§ Problem statement
Would you retype the listing word for word, skipping its pictures?

§ Raw data
***
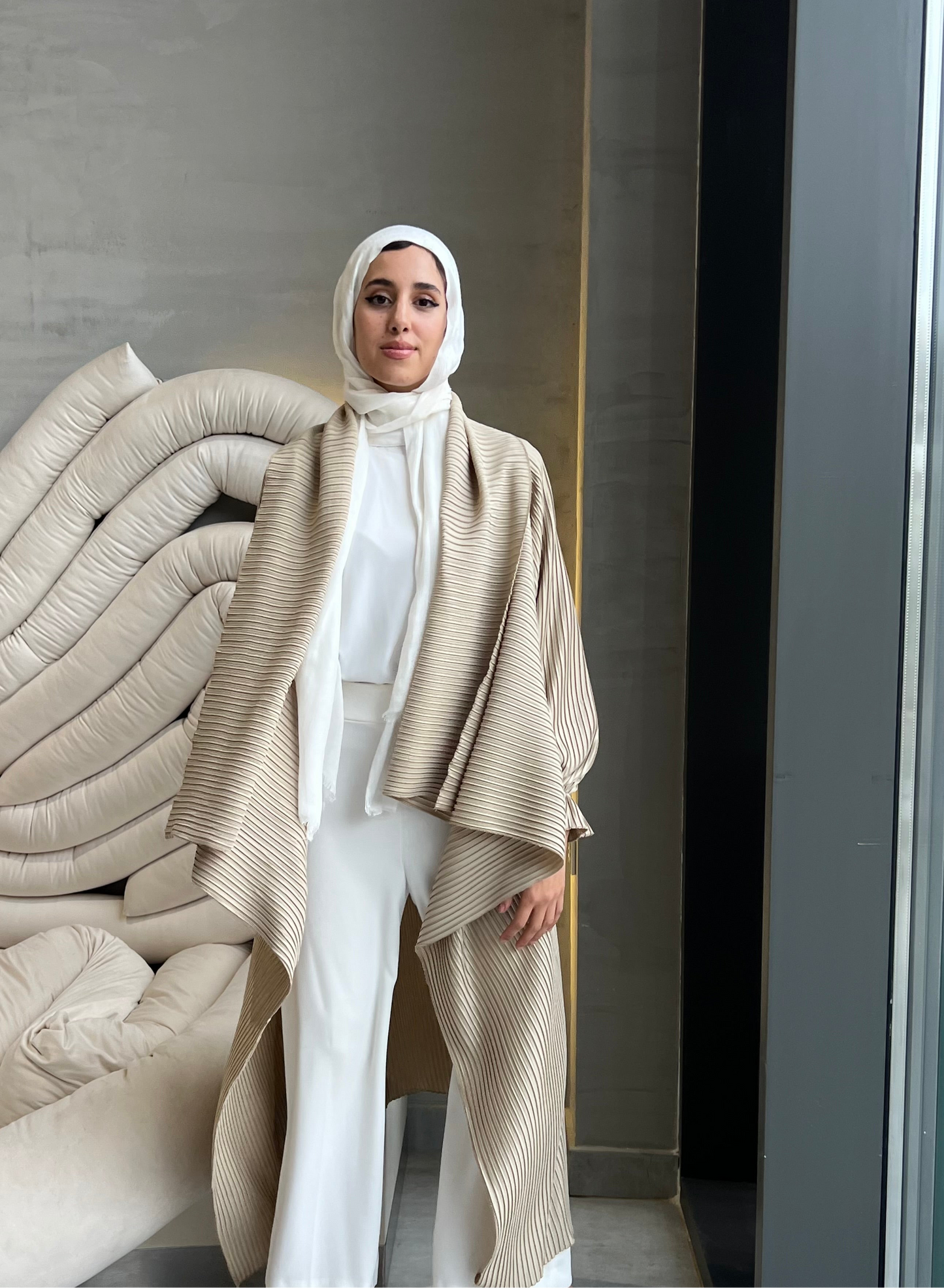 Drape Me in Pleats in Golden Beige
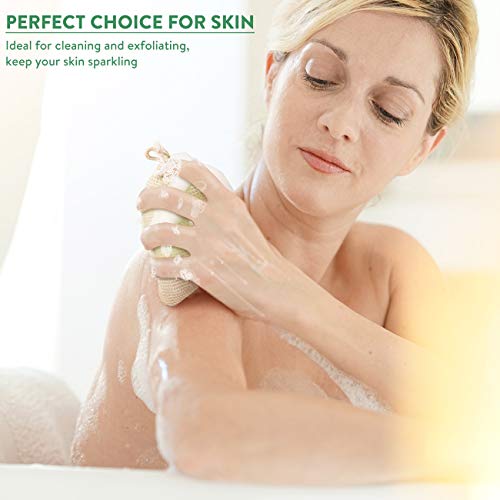 Ganbary Bolsa de jabón para ducha, bolsa de jabón de sisal natural mejorada de gran tamaño con cordón doble, perfecta para jabones espumosos, exfoliantes corporales y secadores, 4 piezas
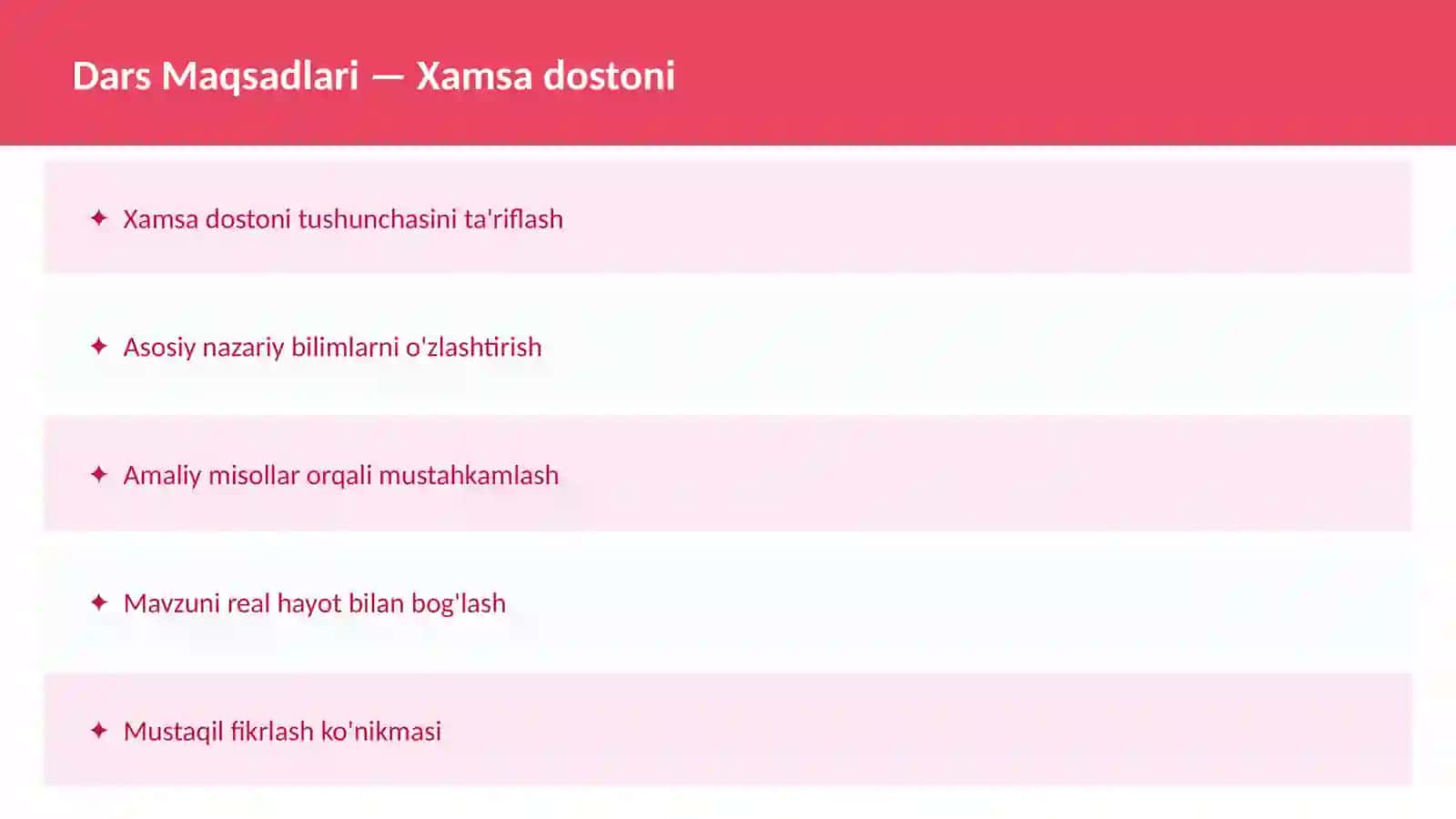 Dars ishlanma "Alisher Navoiy" 2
***
§ Answer space
 Drape Me in Pleats in Golden Beige
 Ganbary Bolsa de jabón para ducha, bolsa de jabón de sisal natural mejorada de gran tamaño con cordón doble, perfecta para jabones espumosos, exfoliantes corporales y secadores, 4 piezas
 Dars ishlanma "Alisher Navoiy" 2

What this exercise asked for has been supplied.